Saturday, July 29, 2006



Last night I saw Carol Reed and Graham Greene's The Fallen Idol, from 1948, rescued from its place on afternoon television and mounted on a cinema screen. Up there, the staircase that is so pivotal to the plot looks properly vast, as it would do to the put-upon and sincere young hero Philipe (the stunning, then-9-year-old Bobby Henrey). Up there, the chequered floor in the French Embassy resembles a giant chess board, as it must, with the characters literally shifting this way and that across the squares as the dynamics keep changing.

The images sing. The dialogue can pinch: "It's a good life," says Baines (Ralph Richardson) , "if you don't weaken."

And there are some incidental touches that have an earthy authenticity - the domestics discussing casually the details of how Mrs Baines must have died when she hit the bottom step, whether her neck snapped "like a twig", whether there was any blood. And the prostitute, Rose (Dora Bryan, probably best known for her later role as Rita Tushingham's brassy mother in A Taste of Honey), who upon learning that Philipe is the Ambassador's son, trills: "Oooh, I know your daddy!", leaving us to join the dots.

Even more so than The Third Man, the Reed/Greene collaboration which has overshadowed unfairly The Fallen Idol for so long, there is a resounding sense of hurt and injustice in the film.

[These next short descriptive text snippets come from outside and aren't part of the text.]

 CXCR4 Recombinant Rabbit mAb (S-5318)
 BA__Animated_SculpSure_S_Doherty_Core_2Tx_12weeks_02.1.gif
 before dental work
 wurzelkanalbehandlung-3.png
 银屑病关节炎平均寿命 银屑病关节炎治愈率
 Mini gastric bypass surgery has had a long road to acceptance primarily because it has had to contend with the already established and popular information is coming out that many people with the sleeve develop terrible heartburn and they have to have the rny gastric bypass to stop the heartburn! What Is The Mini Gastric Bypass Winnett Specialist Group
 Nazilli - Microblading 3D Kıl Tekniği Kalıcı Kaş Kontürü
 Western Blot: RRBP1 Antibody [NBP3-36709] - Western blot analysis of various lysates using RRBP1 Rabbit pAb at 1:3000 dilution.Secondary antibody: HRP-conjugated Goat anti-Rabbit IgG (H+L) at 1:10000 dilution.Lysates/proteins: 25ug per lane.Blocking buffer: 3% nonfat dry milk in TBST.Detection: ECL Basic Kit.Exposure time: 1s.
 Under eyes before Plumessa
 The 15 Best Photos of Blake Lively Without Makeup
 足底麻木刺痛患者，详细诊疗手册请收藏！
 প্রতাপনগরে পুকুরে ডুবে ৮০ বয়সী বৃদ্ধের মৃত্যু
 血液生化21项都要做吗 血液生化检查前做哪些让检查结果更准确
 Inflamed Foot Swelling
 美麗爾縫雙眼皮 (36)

Philipe is pressured from all sides by adults seeking his silent collusion in their awful secrets, until he literally doesn't know which way to turn when the police are interviewing him about the involvement of his beloved Baines in the death of Mrs Baines. The corpse in the film is by-the-by; this is really about the psychological violence we inflict on children by asking them to participate in our knotted emotional transactions.

When I watched it, I thought again of something my dad said to me when I was about 10 or 11. He said that when he was driving home from work, he sometimes debated making a left turn instead of a right, and just driving and driving and not coming home. And this from someone who would describe himself as a family man. Then I think of all the things that children hear, overhear or are forced to process with their limited capabilities, and I feel sick.

This is a masterful film: suspenseful, but always sad and wise. I guess Philipe had to toughen up as he grew older, and this was the start of that. As he descends the staircase to meet his mother in the final shot, his playful prance has been replaced by a kind of stately bob. He's changed.